Ora è il momento, ora devo ricordare di quello di cui ho scritto poco sopra: perché, dunque, la vita è una scelta incessante? Perché dobbiamo scegliere di lasciarsi issare in alto? Perché incessantemente dovremmo scegliere il "bene", una luce profumata che viene da dentro di noi, piuttosto che abbandonarci e rispondere una sola volta sì al "male", quell'abisso che non esiste se noi non proviamo a crearcelo da noi? Perché la vita sarà sempre sinonimo di mille scelte da fare? Perché qualcuno ha voluto questo? Perché ci ha amato, quel qualcuno, e lo ha fatto per dimostrare proprio a noi che eravamo, che siamo, creature fantastiche, capaci di scegliere il bene, di scegliere la vita e tutto ciò che non è solo e soltanto marciume, tristezza e infine morte. Perché ci ha amato e ci ha abbracciato, dicendoci ok, vai pure per la tua strada e cerca di vederti come io ti vedo, meraviglioso. Perché quando scopriamo chi siamo, quando ci vediamo scintillare, è allora che smettiamo di cercare dei pesi per tenerci ancorati quaggiù e iniziamo a salire, ad avvicinarci a quell'alto così pieno di luce e di profumo, di bellezza.

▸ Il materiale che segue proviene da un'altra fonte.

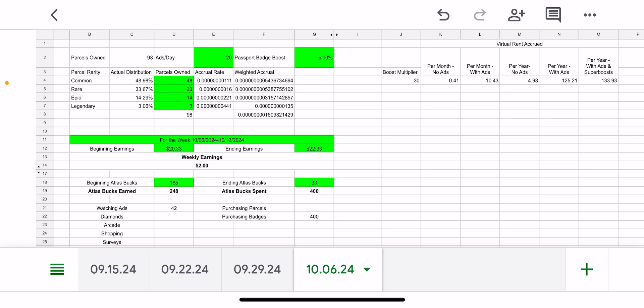But optimally, I really do want to hit that 150 parcels just so I can hit that top range of this 30x boost multiplier just so I can be earning the most I can at that point and then get that 10% passport boost along with it.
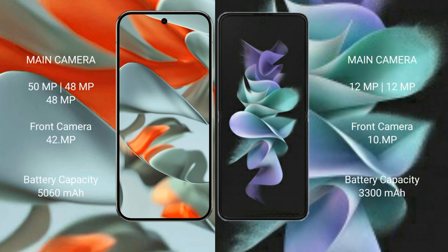Google Pixel 9 Pro XL features a triple rear camera setup: 50Fxl plus 48Fxl plus 48Fxl, and a front camera of 42Fxl. Samsung Galaxy Z Flip 3 features a dual rear camera setup: 12Fxl plus 12Fxl, and a front camera of 10Fxl.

è giunta, alla fine, anche quell'ultima risposta, quella risposta che non è per nulla soddisfacente, perché ha bisogno di essere sempre ripetuta nel nostro animo, incessantemente, come un mantra che eternamente va accettato. Sentirsi dire che sta a noi scegliere di scegliere di vivere è forse la cosa più frustrante del mondo. è la fatica più difficile, certo, quella di dover ammettere di essere una meraviglia e non può essere altro se non il frutto di una vita. Non importa quanto lunga quella vita sarà, sarà la vita tutta a rendersene conto.
Io ho vissuto. Sì, una vita strana, una vita-non-vissuta lo ammetto, ma ho vissuto questa vita fino in fondo e ho scoperto questo: è l'insegnamento di un vecchio che forse non sa davvero nulla della vita. Ci sono grandi maestri di vita, ma altrove, in altri mondi, lontano dalla vita delle persone normali. Io sono ignorante davanti a loro, ma ho vissuto la mia vita-non-vissuta e questo ho imparato.

Io muoio qui, in una mattinata d'inverno. Muoio così, solo, abbracciato dalla mia dolce, dolcissima compagna. La nebbia mi cullerà fino alla fine e forse, morendo felice, lo vedrò. No, senza forse: lo vedrò.